O sorriso não tardou a desaparecer-lhe dos lábios. Acabava de avistar Juan Rode. Doze anos depois do dia em que a morte reinara no escritório do advogado Jordan. Doze anos tinham passado e ela era uma criança quando aquilo sucedera. No entanto, não se esquecera de nada. E, sobretudo, não olvidara o rosto do pai.
— Pai... — murmurou, apoiando-se na ombreira da porta. — Tu!...
Jim interveio, alegremente:
—E então verdade que é o teu pai!
Juan Rode interveio, suavemente:
— Cale-se, jovem!
Levantara-se e contemplava a filha, muito alterado.
— és igual a ela, Carmen.
Avançou para a filha, de braços estendidos, disposto a estreitá-la entre os braços.
Levantando a cabeça, a jovem recuou, gritando:
— Não tentes tocar-me, nem me fales dela! Mataste-a, mataste a minha mãe! Não te aproximes de mim! Para que vieste, ao fim de tantos anos ?
Juan empalideceu e as suas feições tornaram-se duras.

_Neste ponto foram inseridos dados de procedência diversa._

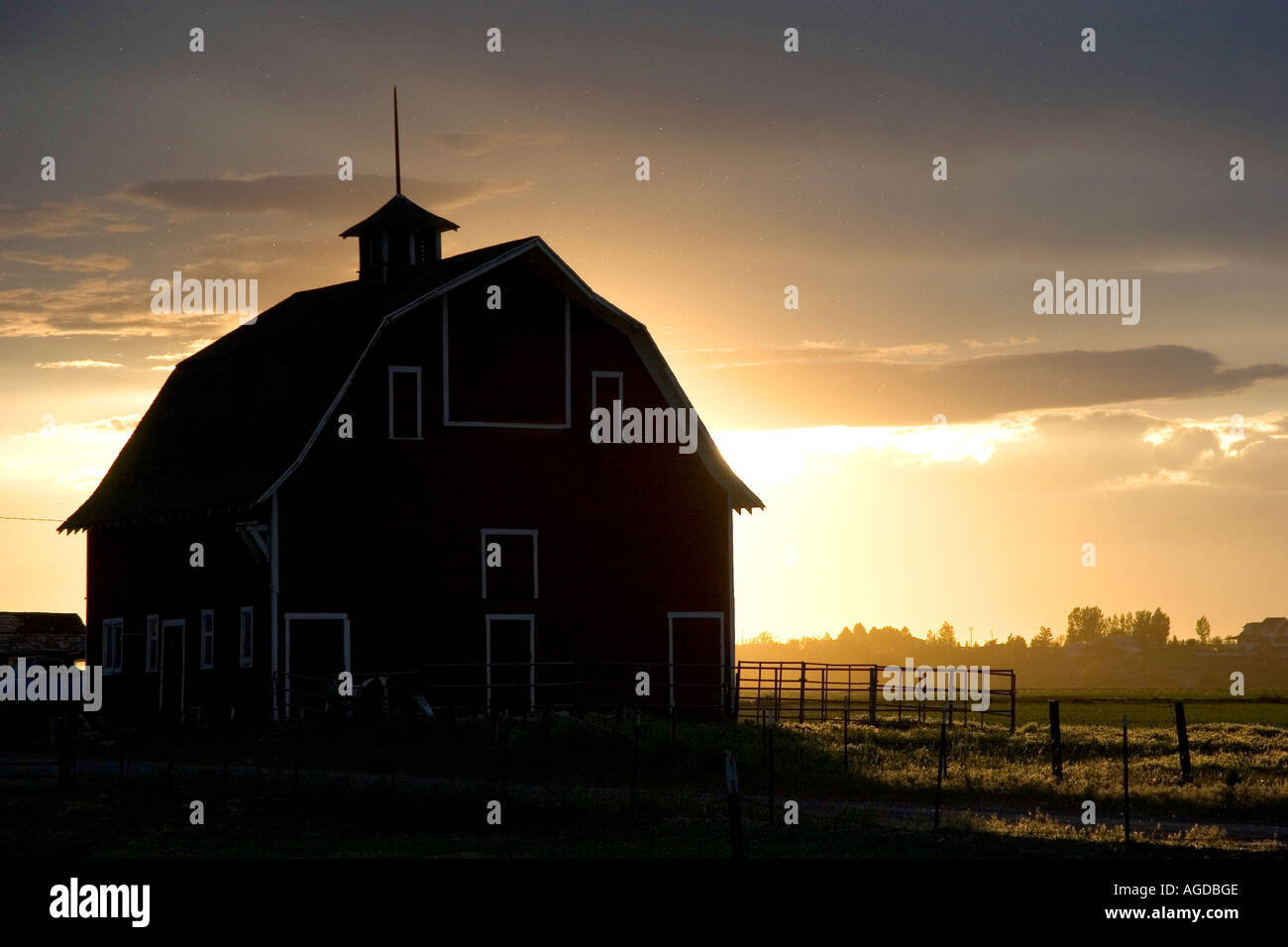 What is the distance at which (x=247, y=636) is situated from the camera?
37.6 metres

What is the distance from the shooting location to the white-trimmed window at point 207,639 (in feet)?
129

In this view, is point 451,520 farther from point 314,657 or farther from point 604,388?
point 604,388

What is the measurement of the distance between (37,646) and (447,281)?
120ft

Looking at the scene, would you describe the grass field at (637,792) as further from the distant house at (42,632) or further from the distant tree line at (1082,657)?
the distant tree line at (1082,657)

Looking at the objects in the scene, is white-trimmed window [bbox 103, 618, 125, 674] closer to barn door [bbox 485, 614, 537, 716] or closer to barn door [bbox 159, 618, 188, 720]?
barn door [bbox 159, 618, 188, 720]

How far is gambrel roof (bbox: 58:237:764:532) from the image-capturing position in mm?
37625

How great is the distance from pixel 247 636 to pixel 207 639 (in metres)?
2.34

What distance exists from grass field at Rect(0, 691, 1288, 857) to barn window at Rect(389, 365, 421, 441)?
6.54 meters

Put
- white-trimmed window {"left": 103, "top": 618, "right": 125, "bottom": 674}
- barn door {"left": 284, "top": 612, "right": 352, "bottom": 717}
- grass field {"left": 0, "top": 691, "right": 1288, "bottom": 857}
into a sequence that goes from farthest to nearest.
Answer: white-trimmed window {"left": 103, "top": 618, "right": 125, "bottom": 674} → barn door {"left": 284, "top": 612, "right": 352, "bottom": 717} → grass field {"left": 0, "top": 691, "right": 1288, "bottom": 857}

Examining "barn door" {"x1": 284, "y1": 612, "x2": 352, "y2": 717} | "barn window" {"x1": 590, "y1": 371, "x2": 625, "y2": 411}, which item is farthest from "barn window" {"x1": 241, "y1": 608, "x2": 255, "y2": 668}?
"barn window" {"x1": 590, "y1": 371, "x2": 625, "y2": 411} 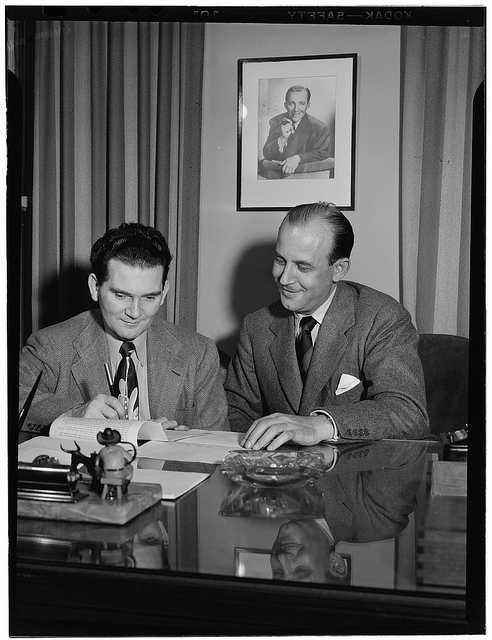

— Não me incomodam os teus gritos, pequena. Sou o teu pai e estou acostumado a fazer-me obedecer. Basta de loucuras! A morte da tua mãe foi um acidente. Acabaram-se os histerismos... Vamo-nos embora desta cidade maldita, tu e eu. Apenas tu e tu, Carmen, ouve bem! Não voltarás a ver Galluro.
Carmen deu uma gargalhada áspera.
— Com que direito me dás ordens? — protestou. —Desde quando te preocupas comigo?
— Desde sempre. Quem julgas que mantinha os Trenton? Eu! Apenas eu.
A jovem encolheu os ombros, desdenhosa.
— Dinheiro! Isso foi tudo o que me deste, desde a morte de minha mãe...
Com um enérgico gesto negativo, acrescentou:
— Não deixarei Jim, podes ter a certeza!
Juan Rode olhou para o rapaz, que seguia o diálogo, visivelmente impressionado.
— Vais deixá-lo, repito! — afirmou. — Não quero um bandido para ti!
— Um bandido?! E que és tu mais do que isso? Tu não sabes Jim, mas o meu pai é o famoso...
Com voz angustiada, Juan interrompeu-a:
— Cala-te, Carmen!...
Ela riu-se e continuou, sem fazer caso do pedido: -
— O famoso Tom «El Toro»! Soube-o há muito tempo, através de Trenton. Sei perfeitamente de onde vinha o dinheiro que nos davas... Era roubado! Só não percebo por que te importa que eu case com Jim!
Assombrado, Galluro murmurou:
— Tom «El Toro»!... A verdade, senhor? — a sua voz evidenciava um profundo respeito.